Kproxyagent is executeable and doesnt need to be installed. it has an inbuild chrome portable.

Please let me know what you come up with. because my curiousity is endless


----------



## RCoon (Apr 4, 2014)

Does FreeGate not work for you?


----------



## Keelen6 (Apr 4, 2014)

Steevo said:


> What you are asking is for the whole answer, how about, is it DNS blocked, port? subdomain? have you even bothered trying anything yet, or you just want someone to do you work for you?
> 
> A batch file will output text results back to your drive, just add >textfile.txt to the end of the runs.



I have tried sme things (traceroute, pinging, trying the ip alone, a few proxy downloads) but none work.  Lightspeed is both based on the computer and runs through the router.  I am not too knowleeable with this, so I don't really understand, but I know that I can access cmd.exe with a .bat (or at least I an on my Mac at home)
I really am sorta a hack newbie, though I do know a little.  It blocks dns, and is based in a subdomain.  Somehow the it guy made it a refreshing program (idk the term) so while a computer is connected to the network, and you disable it n that one, and another computer is n the same network, it restarts the first computer.  I force-closed the lightspeed stuff, and it said "refreshing network" then resetted light speed.  I really just need sme sort of tunnel or way to hop around the firewall.  I don't know much more than that.

Sorry.


----------



## 95Viper (Apr 4, 2014)

Lightspeed is on the school's systems and you have to be running the client software to use their network.
It uses a blacklist to block sites.  <-- This clue may help you or may not.



Keelen6 said:


> I don't know any ways that will leave flash enabled.

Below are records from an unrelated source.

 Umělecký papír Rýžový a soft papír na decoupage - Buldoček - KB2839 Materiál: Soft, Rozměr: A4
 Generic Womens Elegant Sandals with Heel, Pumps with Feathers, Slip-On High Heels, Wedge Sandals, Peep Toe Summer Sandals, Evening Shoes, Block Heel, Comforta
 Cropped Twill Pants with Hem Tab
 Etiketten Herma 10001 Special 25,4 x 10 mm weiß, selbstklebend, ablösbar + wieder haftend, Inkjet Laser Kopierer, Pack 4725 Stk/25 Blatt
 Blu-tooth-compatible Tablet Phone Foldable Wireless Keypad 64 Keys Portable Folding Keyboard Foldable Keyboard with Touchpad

I really cannot believe a school official/teacher is getting the class to try and hack the schools security/web filtering software.
I believe, you just wanna do this to get to sites that are blocked (probably like youtube and other flash sites).
And, the best way to learn, is to learn the code and find it's weakness; however, copying/using someone else's hacks/techniques is not hacking... it is just lazy use of someone else's work.
Just my opinion

So, maybe these sites will help, if you can get to them:

To get around your blocking software

How to bypass blocking software using the Ubuntu Live CD

Setup your own circumventor site


----------



## Solaris17 (Apr 5, 2014)

so your telling me your school wants you to break their security? WAT. Here this will get you super high marks.

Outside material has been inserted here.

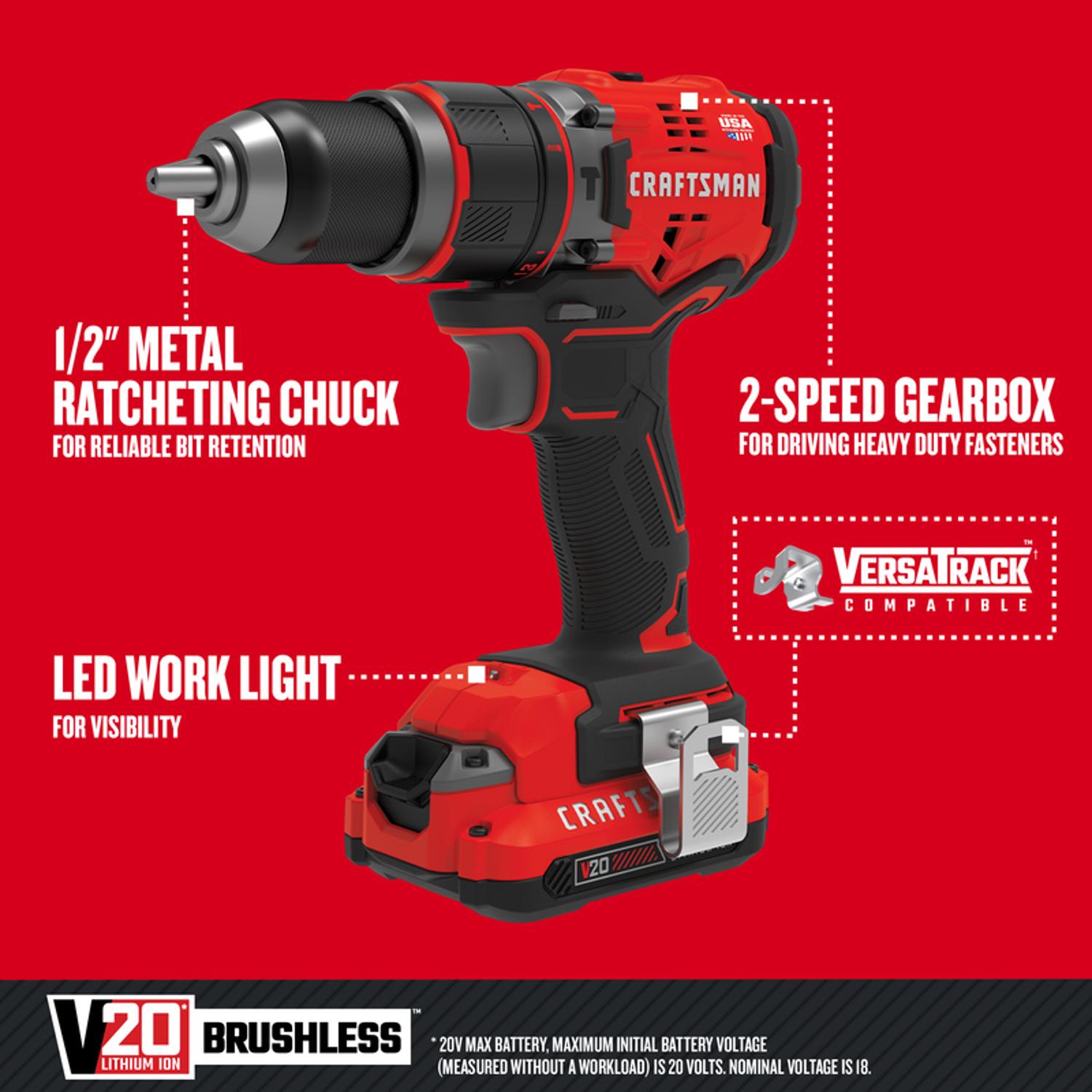 Craftsman V20 1/2 in. Brushless Cordless Hammer Drill Kit (Battery & Charger)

instead of using various software modifications to mimic another program or access system utilities like task manager you can attempt to socially engineer your professor.

what am i saying? this isnt called a "hack" this is properly called an exploit. what computer class is this 5th grade?

go ask the network administrator for the sonic wall password

or ask your domain admin to put you in a different GPO

or access the watchguard thats probably set redundantly to block the sites light speed misses.

or access the cisco switch that is probably traffic shaping you anyway.

or drop this class and go into advanced networking for enterprise level networks.


----------



## Steevo (Apr 5, 2014)

I am not contributing to someone we know nothing about, and if the person actually has this for a grade in a class I would assume they should know more about networking and datapackets than shown. 



In short, I will not help a script kiddie. Go learn and figure it out like you are supposed to, or you are full of it, either way......


----------



## Caring1 (Apr 12, 2016)

How about NO!
Even if what the OP says is true and he was asked to do this, it is still illegal.


----------



## RCoon (Apr 12, 2016)

Caring1 said:


> How about NO!
> Even if what the OP says is true and he was asked to do this, it is still illegal.



2 year old thread necro by poster above you.


----------



## Caring1 (Apr 12, 2016)

still asking the same question, to hack in.


----------



## AsRock (Apr 12, 2016)

hnoor0066 said:


> None of them have flash anyway, and that's a requirement. In other words, anybody know any program or bit of code that can access things beyond the firewall??????
> 
> NOOR



Same here going say No!, simply sounds like your trying some thing that you should not do, a good firewall will have multiple defenses against trying to hack though it to disable it or to fool it.

If your the one who put the firewall up then you should know how to deal with it.


----------



## Frick (Apr 12, 2016)

You get a friend.


----------